Some time ago I decided to join the blogosphere, having read Steve McConnell's Call to Action (at the bottom of the page): "If you are actively developing software, I urge you to write about your insights. If you have worked on a project that taught you valuable lessons, share them."
Unfortunately (I thought at the time), all user-ids similar to my preferred id were already in use on the public blog hosts (although many of them seemed abandoned), so I dropped the idea again.
After my web-hoster went south last month, I quickly set up Apache to host my old home pages and noticed that those pages hadn't had a decent update for almost a decade, so I decided to ditch them and instead host the blog myself and started looking for a suitable platform.
I soon found that most "mainstream" blogging platforms were either using MySQL, coded in PHP, or both.

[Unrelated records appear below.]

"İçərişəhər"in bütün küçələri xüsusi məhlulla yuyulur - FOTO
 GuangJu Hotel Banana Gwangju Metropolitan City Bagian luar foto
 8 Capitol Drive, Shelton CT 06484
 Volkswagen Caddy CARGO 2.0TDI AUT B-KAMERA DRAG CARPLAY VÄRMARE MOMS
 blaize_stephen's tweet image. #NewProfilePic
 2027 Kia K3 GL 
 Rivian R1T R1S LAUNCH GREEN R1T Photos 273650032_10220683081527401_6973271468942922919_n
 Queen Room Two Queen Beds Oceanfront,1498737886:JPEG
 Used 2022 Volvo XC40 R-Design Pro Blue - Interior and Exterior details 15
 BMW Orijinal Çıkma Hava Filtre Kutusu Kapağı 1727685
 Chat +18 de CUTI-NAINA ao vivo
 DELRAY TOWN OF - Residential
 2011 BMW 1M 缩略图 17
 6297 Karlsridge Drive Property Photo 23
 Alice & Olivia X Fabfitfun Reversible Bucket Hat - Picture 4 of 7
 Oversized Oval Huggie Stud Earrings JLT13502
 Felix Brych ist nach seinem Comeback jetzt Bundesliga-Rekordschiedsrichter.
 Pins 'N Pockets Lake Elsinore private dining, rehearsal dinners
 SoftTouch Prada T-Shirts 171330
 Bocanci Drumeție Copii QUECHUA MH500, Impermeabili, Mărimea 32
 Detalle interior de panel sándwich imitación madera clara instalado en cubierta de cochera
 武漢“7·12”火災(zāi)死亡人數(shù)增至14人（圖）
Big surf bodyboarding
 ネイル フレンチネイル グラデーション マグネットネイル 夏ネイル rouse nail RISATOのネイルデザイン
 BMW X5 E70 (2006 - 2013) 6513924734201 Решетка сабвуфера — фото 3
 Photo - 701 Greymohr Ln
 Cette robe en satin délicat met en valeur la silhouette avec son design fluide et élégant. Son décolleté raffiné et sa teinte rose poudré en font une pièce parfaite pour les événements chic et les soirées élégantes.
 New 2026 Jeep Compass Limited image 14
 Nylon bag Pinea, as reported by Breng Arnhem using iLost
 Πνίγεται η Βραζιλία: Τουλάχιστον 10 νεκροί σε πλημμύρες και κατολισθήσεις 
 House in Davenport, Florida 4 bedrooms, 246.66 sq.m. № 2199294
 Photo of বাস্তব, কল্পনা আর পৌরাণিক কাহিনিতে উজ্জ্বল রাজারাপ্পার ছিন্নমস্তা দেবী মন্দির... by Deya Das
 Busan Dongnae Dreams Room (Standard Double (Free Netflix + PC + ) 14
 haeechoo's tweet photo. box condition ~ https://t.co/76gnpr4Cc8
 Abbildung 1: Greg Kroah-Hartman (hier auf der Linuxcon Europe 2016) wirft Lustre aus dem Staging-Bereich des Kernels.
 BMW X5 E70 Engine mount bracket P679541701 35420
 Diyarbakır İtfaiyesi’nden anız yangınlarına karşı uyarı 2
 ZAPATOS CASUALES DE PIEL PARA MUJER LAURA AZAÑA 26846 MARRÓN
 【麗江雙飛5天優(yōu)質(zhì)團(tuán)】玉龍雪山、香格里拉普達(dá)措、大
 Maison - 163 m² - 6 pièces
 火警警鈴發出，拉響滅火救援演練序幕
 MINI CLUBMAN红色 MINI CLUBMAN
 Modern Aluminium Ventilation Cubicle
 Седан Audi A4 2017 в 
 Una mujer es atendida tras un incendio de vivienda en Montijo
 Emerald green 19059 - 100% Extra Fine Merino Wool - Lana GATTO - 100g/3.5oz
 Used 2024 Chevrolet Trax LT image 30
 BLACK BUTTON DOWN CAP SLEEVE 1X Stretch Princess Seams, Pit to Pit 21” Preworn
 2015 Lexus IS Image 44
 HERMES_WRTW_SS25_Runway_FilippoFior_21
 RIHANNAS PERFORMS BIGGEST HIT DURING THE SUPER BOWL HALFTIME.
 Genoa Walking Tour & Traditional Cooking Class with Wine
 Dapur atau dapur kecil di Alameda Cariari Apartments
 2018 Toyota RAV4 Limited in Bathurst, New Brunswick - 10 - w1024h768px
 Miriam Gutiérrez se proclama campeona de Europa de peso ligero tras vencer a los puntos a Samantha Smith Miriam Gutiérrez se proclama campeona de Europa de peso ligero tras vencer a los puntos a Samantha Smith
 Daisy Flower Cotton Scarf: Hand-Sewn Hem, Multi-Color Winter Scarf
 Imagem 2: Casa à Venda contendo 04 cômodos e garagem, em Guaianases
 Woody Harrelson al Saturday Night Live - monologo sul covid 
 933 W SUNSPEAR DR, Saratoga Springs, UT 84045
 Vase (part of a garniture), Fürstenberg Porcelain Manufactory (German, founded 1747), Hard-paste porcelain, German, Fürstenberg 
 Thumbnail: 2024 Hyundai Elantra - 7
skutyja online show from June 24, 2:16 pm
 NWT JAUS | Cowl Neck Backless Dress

My preferred database is PostgreSQL (which scores higher on the performance benchmarks and feature comparisons I've seen so far), and PHP is certainly not my first choice of programming language.
So I started looking for blogging platforms written in Python and quickly came across a post on Daniel "PyDanny" Greenfeld's blog - Daniel had already thoroughly researched the subject and had found an interesting solution: Pelican.
Pelican
Pelican creates static pages from Markdown or reStructuredText input - this eliminates the need for a database backend and even allows a very minimalistic web-server to host the pages (thereby eliminating several security risks).
As an added benefit, I can keep my input pages locally in Git.
Setting up Pelican was fairly straight-forward, as the documentation is detailed and complete - the hard part was to pick a theme among the available lot...
Pelican even sports an integrated web-server and can generate HTML output on the fly as soon as it detects that an input file was modified - this enables you to check the result of your edits practically in real time.